Wavefront diffusion and LMSR: Algorithms for dynamic repartitioning of adaptive meshes

Abstract

Current multilevel repartitioning schemes tend to perform well on certain types of problems while obtaining worse results for other types of problems. We present two new multilevel algorithms for repartitioning adaptive meshes that improve the performance of multilevel schemes for the types of problems that current schemes perform poorly while maintaining similar or better results for those problems that current schemes perform well. Specifically, we present a new scratch-remap scheme called Locally-matched Multilevel Scratch-remap (or simply LMSR) for repartitioning of adaptive meshes. LMSR tries to compute a high-quality partitioning that has a large amount of overlap with the original partitioning. We show that LMSR generally decreases the data redistribution costs required to balance the load compared to current scratch-remap schemes.

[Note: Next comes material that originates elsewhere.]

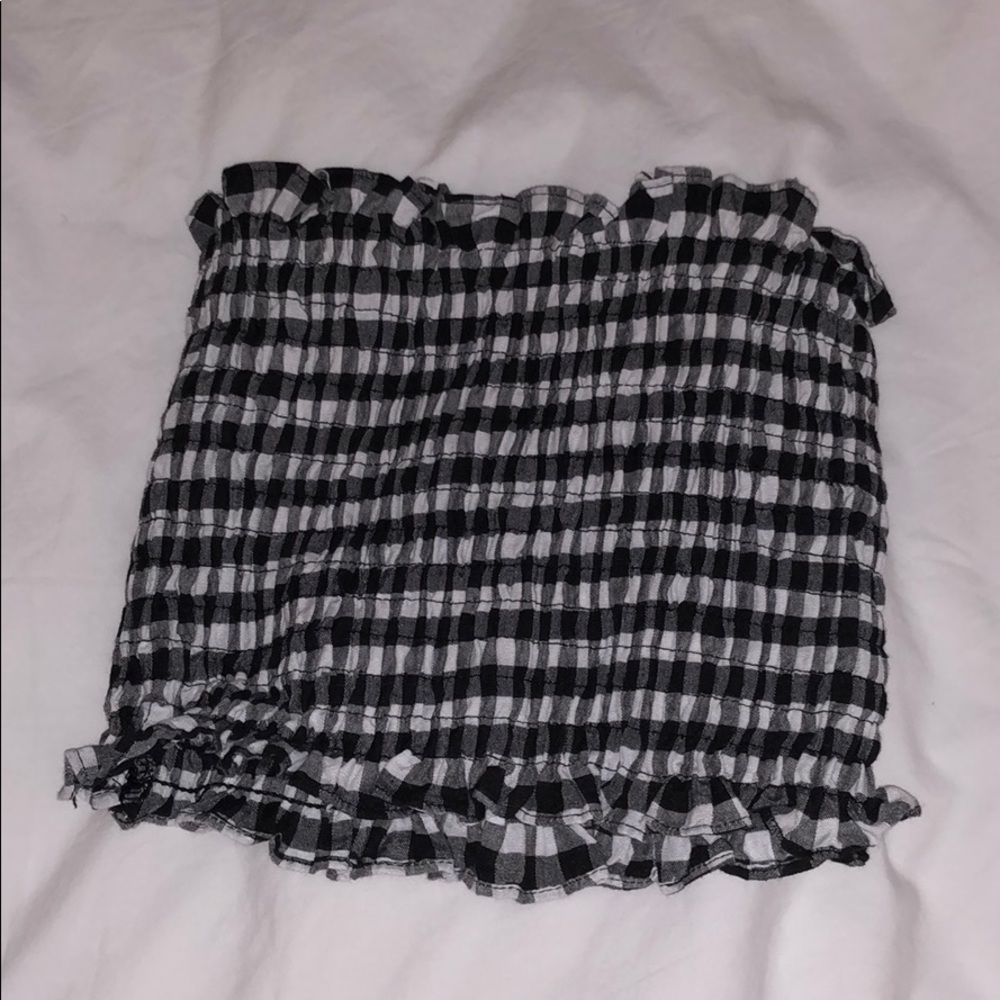 Gingham Ribbed Tube Top - Picture 2 of 3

We present a new diffusion-based scheme that we refer to as Wavefront Diffusion. In Wavefront Diffusion, the flow of vertices moves in a wavefront from overweight to underweight subdomains. We show that Wavefront Diffusion obtains significantly lower data redistribution costs while maintaining similar or better edge-cut results compared to existing diffusion algorithms. We also compare Wavefront Diffusion with LMSR and show that these provide a trade-off between edge-cut and data redistribution costs for a wide range of problems. Our experimental results on a Cray T3E, an IBM SP2, and a cluster of Pentium Pro workstations show that both schemes are fast and scalable. For example, both are capable of repartitioning a seven million vertex graph in under three seconds on 128 processors of a Cray T3E. Our schemes obtained relative speedups of between nine and 12 when the number of processors was increased by a factor of 16 on a Cray T3E.